At 19, Slava was sent to the army to begin his mandatory two-year service in the Soviet military. This was a most interesting time in his life as superiors noticed his skills. While rising to the rank of Sergeant Major and commanding a platoon of 30 men and 4 tanks, he was given the charge of creating propaganda art for the military as well as creating the murals that adorned the walls of the military clubs and bars. While he enjoyed laying his brush to the canvas and gaining further technical skill, there was absolutely no room for creative freedom and after his two year conscription has ended, Slava returned to civilian life and entered the university.
While still enjoying painting, he felt that architecture was where he would find a career. So, at 21, he entered the architectural faculty at the Building and Construction University in Kiev. Slava actively designed new buildings, which were realized during his university years. He continued painting, creating installation art for parks, grammar schools, and professional buildings. He continued his studies for 5 and a half years and when finished found a world much different then the one he had expected to live in. The year was 1989 and with it, the fall of communism.
Ukraine, like other post-communist countries immediately became centres of growth and commerce and these first few years following the fall were prosperous ones. Slava spent his time designing new banks and painting in his free time. But, that would end in 1994 when Ukraine’s economy collapsed causing a surge of immigration to the West. Slava had visited Prague before, but now found the capital of the Czech Republic his new home. The Czech economy faired better than most of the old bloc countries and a growing wave of tourism allowed Slava to focus on his painting skills, creating watercolours and cityscapes of Prague. He still felt he wasn’t expressing himself enough in his work.
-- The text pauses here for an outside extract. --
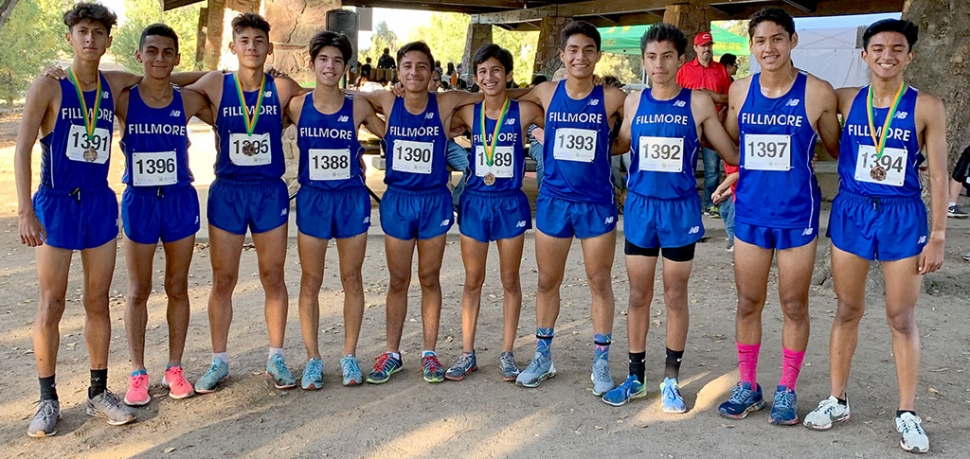 On Friday, October 18th the Fillmore Flashes Cross Country Team split up the squads and ran extremely well. Pictured is a group of 10 Flashes Cross Country runners who competed at Woodward Park in Fresno for a preview run for the State Championship Meet to take place in November. Photo courtesy Coach Kim Tafoya.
Spending evenings with fellow artists in cafes discussing art and their impressions of the world around them focused Slava in his pursuit for a style all his own.
His first independent compositions focused on music and its relation to both the artist and the audience. But, how does one hear music with the eye and not the ear? This question among others reverberated in his head. And it seems that the answers never fully presented themselves as concrete and unchanging. It’s the continual search for new outlets of expression and influence that create the art. Art is unpredictable. One sees in his work, the basis of realism, which is that early influence from school and the military, but the visible elements of abstract surrealism and cubism reveal Slava’s later influences, which can only lead him further.